*What to work on*
Only one stretch of the data is wanted: the line containing "TWO VINTAGE NECKLACES", the line containing "a bathroom with", and every line between them, copied exactly.

*Listed entries*

______

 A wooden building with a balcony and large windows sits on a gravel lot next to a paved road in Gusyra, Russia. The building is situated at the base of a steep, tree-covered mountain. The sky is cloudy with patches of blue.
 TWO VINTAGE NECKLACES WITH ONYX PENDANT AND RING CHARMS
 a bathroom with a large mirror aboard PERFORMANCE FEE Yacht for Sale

______

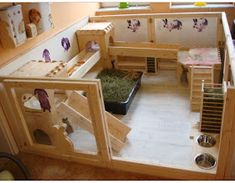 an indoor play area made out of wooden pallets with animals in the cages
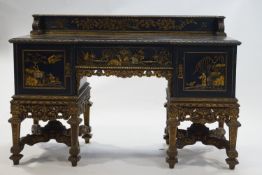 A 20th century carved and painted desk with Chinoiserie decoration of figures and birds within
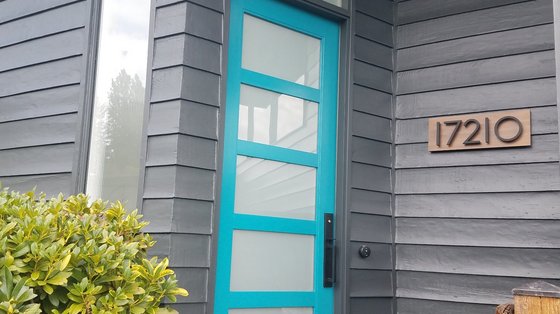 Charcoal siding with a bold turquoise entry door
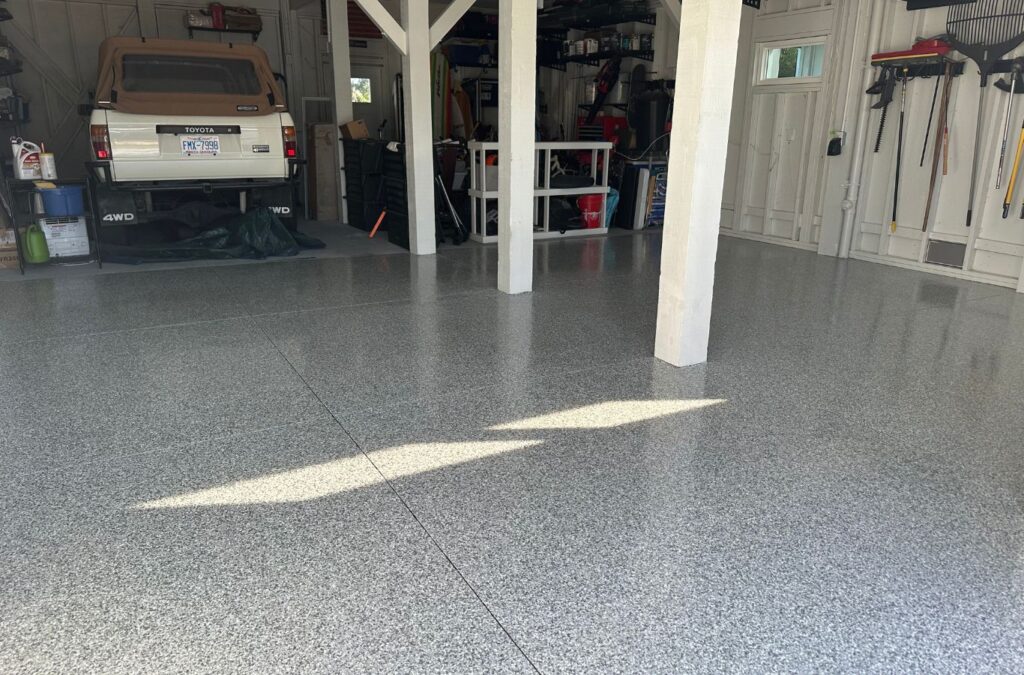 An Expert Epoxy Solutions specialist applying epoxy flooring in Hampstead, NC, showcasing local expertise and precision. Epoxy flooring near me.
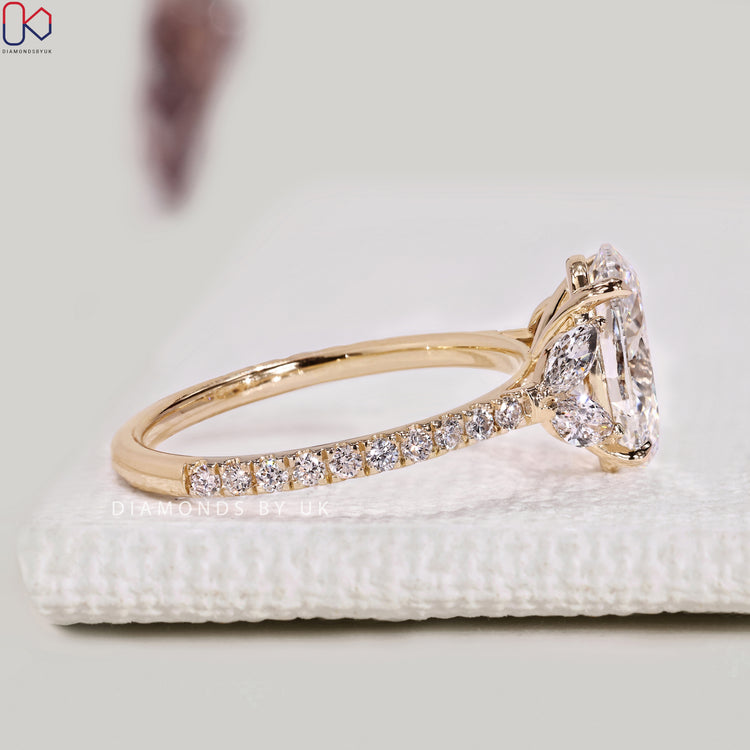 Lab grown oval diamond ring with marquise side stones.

______

*Exercise result*
 TWO VINTAGE NECKLACES WITH ONYX PENDANT AND RING CHARMS
 a bathroom with a large mirror aboard PERFORMANCE FEE Yacht for Sale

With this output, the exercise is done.